However, in the case of a centralized backup strategy, the two intermediate steps are unnecessary since the backup software and its database should still be running on the backup server. The administrator will save time by going straight to the data restore step. Since the network has a high bandwidth, there is no difficulty in restoring files remotely over the network.
If the dedicated backup server fails, the network may be temporarily unprotected, but no users are impacted. The administrator can reinstall and restore the backup server at any time.

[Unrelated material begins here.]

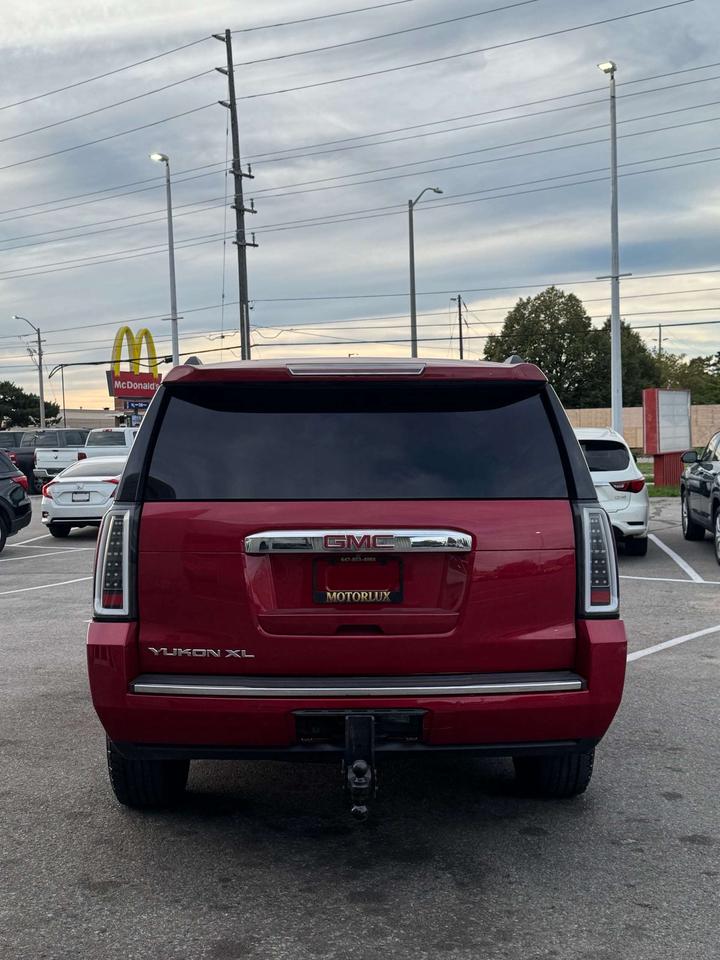 2015 GMC Yukon 4WD 4dr Denali Photo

Centralized Administration
Having only one backup software application installed on the backup server reduces the network administrator's routine workload. Backup and restore across the entire enterprise is controlled from a single user interface. In addition, by having all tape drives and cartridges physically located in one place, tasks such as media rotation, tape drive cleaning, and data restores become much simpler. Choosing a safe location enhances security.
Performance Benchmark Results
In order to compare centralized (remote) backup to distributed (local) backup and quantify the benefits, we ran several tests using typical data on a test network. The tests, described in detail later, showed the following results:
The 100VG-AnyLAN network allows remote backups to run at the maximum speed the tape drive can reach, even with large amounts of traffic present. There is no longer a reduction in speed when backing up over the network.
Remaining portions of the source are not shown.